Press Briefing, Feb. 3
The campaign’s first stage consists of tetanus vaccines for some 200,000 people who have been wounded or injured and have undergone medical care since the earthquake, including surgery patients. These tetanus vaccinations have been well under way for several days.
The second stage, however, began yesterday and targets about 250,000 children under 7 living in temporary settlements, most of them in Port-au-Prince. They will get the combined dose of diphtheria-tetanus-pertussis (DTP3). Children over 9 months will also receive measles and rubella vaccinations, along with Vitamin A supplements.
Reports from medical teams on the ground continue to show a decline in the number of trauma injuries requiring treatment.
We know more children are suffering from diarrheal disease, particularly in the resettlement areas, and existing mobile health units and standing facilities are responding.
We are now 22 days out from the earthquake that crushed Haiti, and it is increasingly clear that people are requiring more mental health support to cope with the tragedy. Mental health experts have been deployed, and special training and support activities have been launched around metropolitan Port-au-Prince.
As part of its coordinating role, the Pan American Health Organization/World Health Organization has created an online volunteer registry to collect information on health workers interested in volunteering in Haiti.
The registry includes data on people’s experience, skills, and availability, as well as their contact information.
Candidates must be fluent in French, and Creole is an asset. Currently, the most needed areas of expertise are public health, medicine and disaster management. Potential volunteers can register at www.paho.org/haitivolunteers.
Information from the registry is circulated among agencies already working in Haiti, and if a volunteer’s experience and skills match an identified need, the applicant may be contacted to provide support.
In collaboration with the Clinton Foundation, a separate database of medical human resources already available in-country has also been created by the PAHO/WHO-led Health Cluster.
Haiti’s Ministry of Health has requested that all partners working as part of the Health Cluster register their organizations—and more details about exactly what medical resources they have—with the Ministry.
The Ministry has also asked that all health teams let the Ministry know when they are leaving the country so that other agencies can be mobilized in their place, to ensure continuity of care.
As I have said before, coordinating closely with the Haitian government is critically important to ensure that the efforts of volunteers—both individuals and organizations—support actual needs and respect existing administrative processes.
This coordination and respect for Haitian authority will be important in the longer term as well. As PAHO’s Director, Dr. Mirta Roses, said on her return from Haiti last week, Haiti’s recovery and reconstruction will be successful only if there is a long-term commitment from the international community and if the Haitians themselves are allowed and empowered to lead the process.
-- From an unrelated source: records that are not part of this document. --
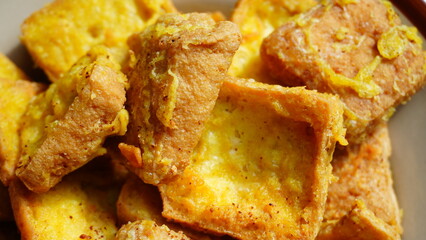 Close-Up of Crispy Fried Tofu with Golden Batter Coating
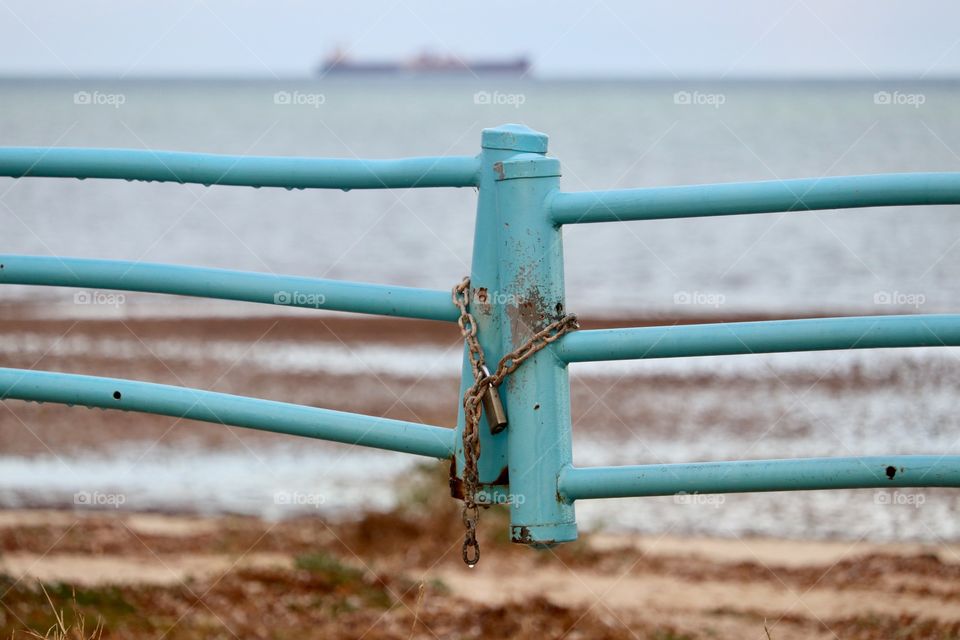 Locked gate to ocean. A turquoise coloured iron metal painted gate with rusty chain and padlock foreground and cargo ship off on the horizon on cloudy dreary day at ocean 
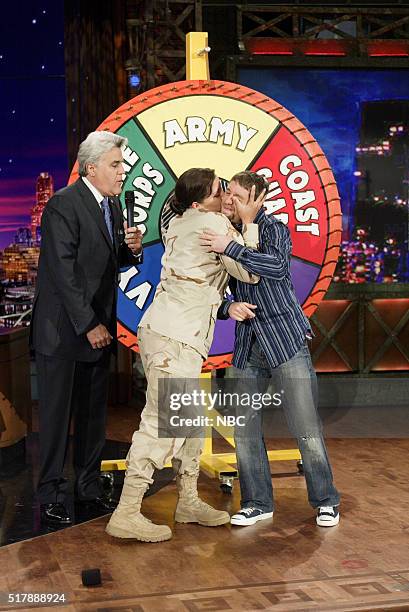 Episode 3148 -- Pictured: Host Jay Leno with singer Elliot Yamin during "Wheel of Consolation" on May 18, 2006 --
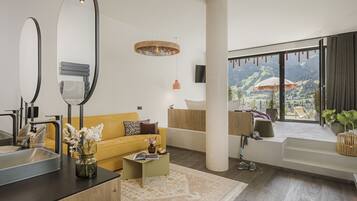 Luxury Room | Living area | 80-inch LED TV with satellite channels, TV, Netflix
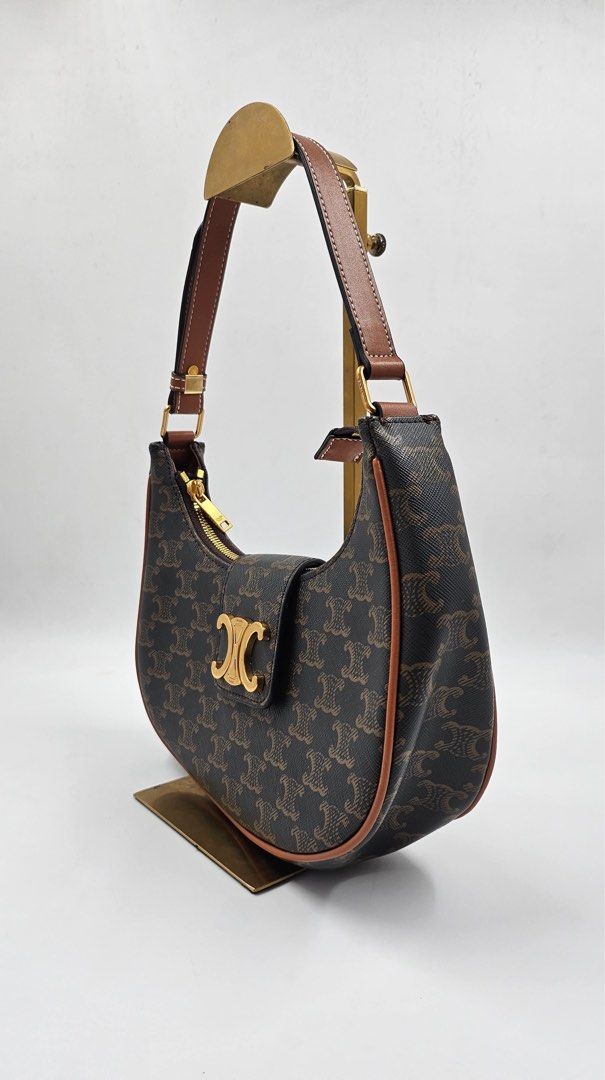 Celine Ava Triomphe Canvas Bag (Category: Luxury Bags & Wallets) located in Manila. Submitted by shopkioneph (Listing ID 1353759565, Image 2). Description: ***Japan Preloved*** Authenticity Not Guaranteed MEDIUM AVA TRIOMPHE BAG IN TRIOMPHE CANVAS AND CALFSKIN DETAILS 10 X 7 X 4 IN (24.5 X 17 X 9 CM) TRIOMPHE CANVAS, TRIMMINGS IN CALFSKIN TEXTILE LINING GOLD FINISHING SHOULDER AND HAND CARRY ZIPPED CLOSURE FLAP IN LEATHER WITH A TRIOMPHE MAGNETIC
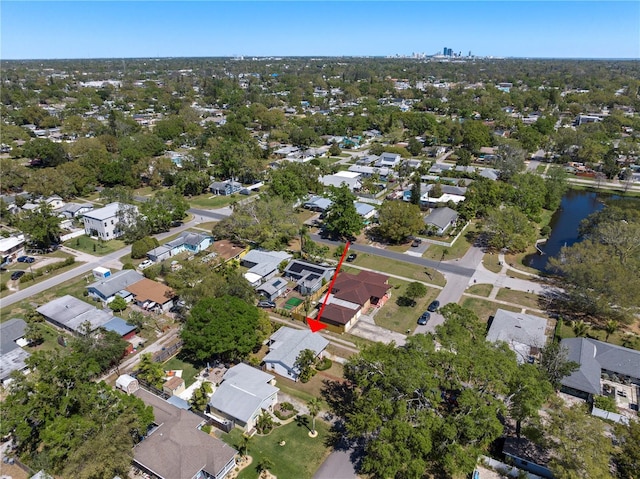 birds eye view of property featuring a residential view and a water view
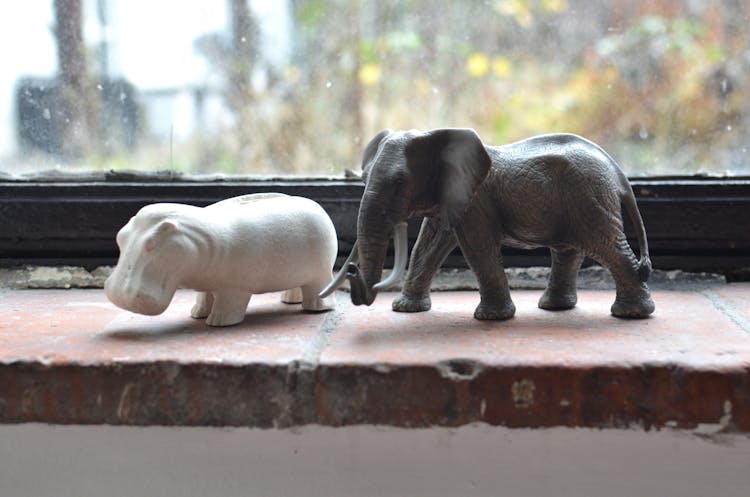 Statuette Of Elephant And Hippopotamus On Windowsill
To that end, the PAHO-led Health Cluster supports the Ministry of Health by convening daily meetings at 4 pm. We know that more than 135 agencies and non-governmental organizations are participating.
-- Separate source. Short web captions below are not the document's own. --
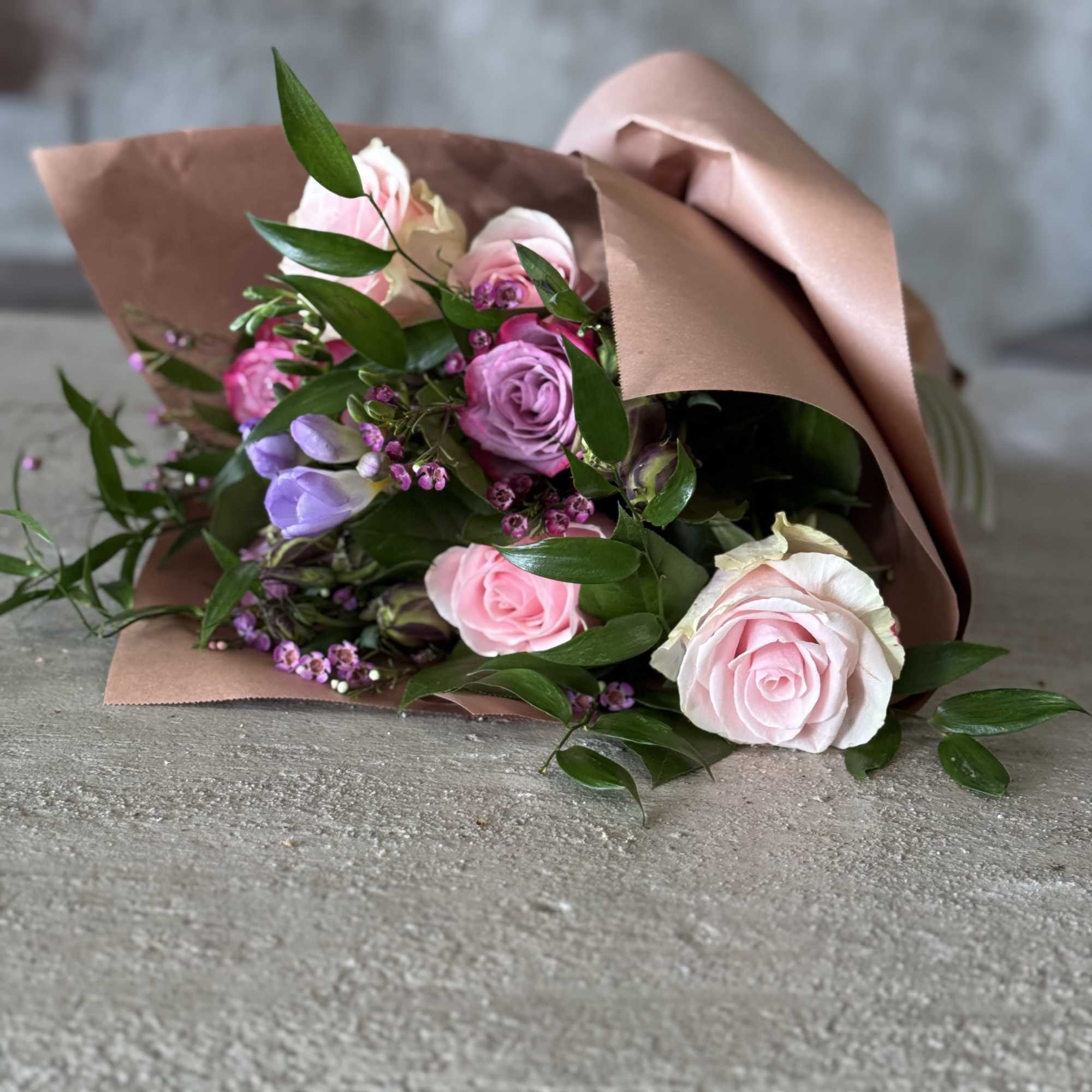 Bouquet of pink and lavender roses wrapped in brown paper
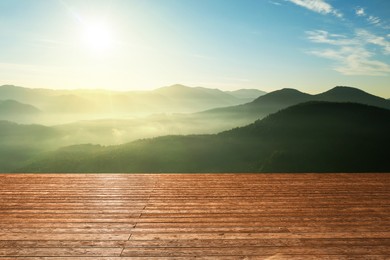 Image of Empty wooden surface and beautiful view of mountain landscape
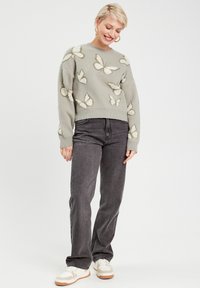 Pull vert clair avec un motif de papillon crème, décolleté rond, épaules tombantes, associé à un pantalon gris foncé et des baskets claires.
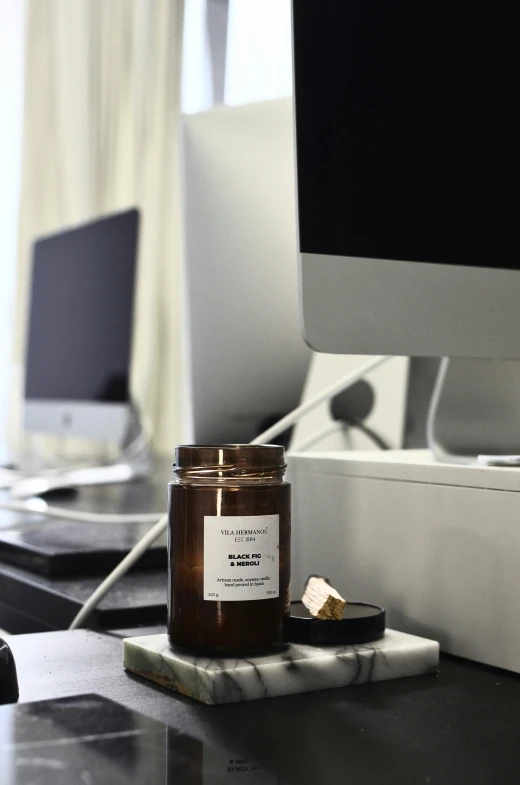 a glass jar sitting on top of a desk next to a computer, waxy candles, profile image, detailed product image, environmental shot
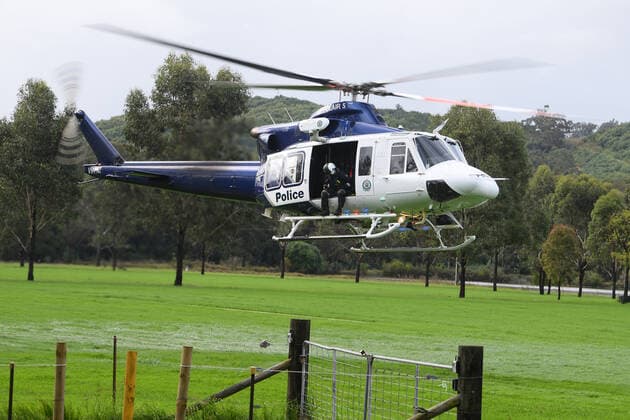 WET WEATHER DEATH NSW, A NSW PolAir helicopter crew are seen at Cobbity, south west of Sydney, Friday, April 8, 2022. A 68 year old man was found in a submerged van around 8am Friday. ( NO ARCHIVING, EDITORIAL USE ONLY, NO USE IN BOOKS WITHOUT CONSENT SYDNEY NSW AUSTRALIA  Copyright: xDANxHIMBRECHTSx 20220408001644877670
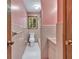 Cozy bathroom with a tile surround, perfect for a quick refresh at 519 Beaver Ruin Nw Way, Lilburn, GA 30047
Sub-cluster working groups have been formed and meet regularly to coordinate the broad areas of work covering, for example: epidemiology and surveillance, primary care, including the operation and management of mobile clinics, prosthetic devices, reproductive health, and mental health, as I mentioned.
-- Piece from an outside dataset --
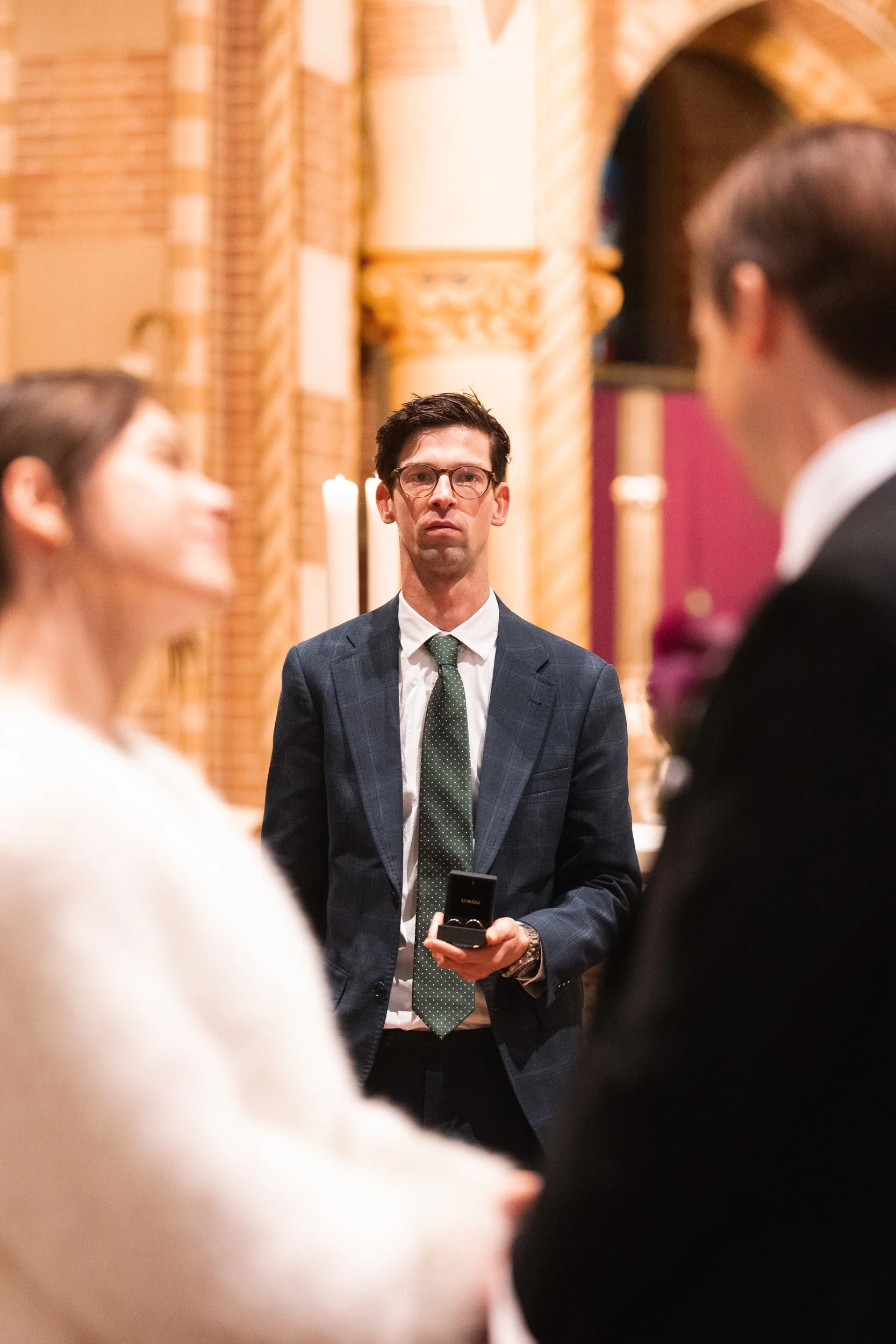 Man in a dark suit, green tie, and glasses standing during a wedding ceremony in a church, holding a small black box.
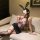 Woman wearing purple floral bodycon skirt set with black lace bunny ears, sheer stockings, and choker on beige sofa.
From our staging base in Jimaní, in the Dominican Republic on the Haitian border, PAHO/WHO’s Logistics Supply Management System (LSS/SUMA) classified and organized more than 400 tons of humanitarian supplies during the period January 22 to 31.
Another one of the Ministry’s emerging concerns is to resume long-term care for patients who were undergoing treatment for conditions before the earthquake, particularly HIV/AIDS patients, since treatment has been interrupted for many of these patients. Here again, supply management is essential.
Staff from Haiti’s National Program for Control of Malaria and Lymphatic Filariasis have met with partners from CDC, PAHO/WHO, and others to discuss a strategy for vector-borne disease control. They are drafting an advisory note for partners in each of the U.N. cluster groups and will distribute copies of the national protocols for the diagnosis and treatment of malaria, dengue, filariasis, and other vector-borne diseases.
I will stop there and address any questions that you may have. Thanks again for coming.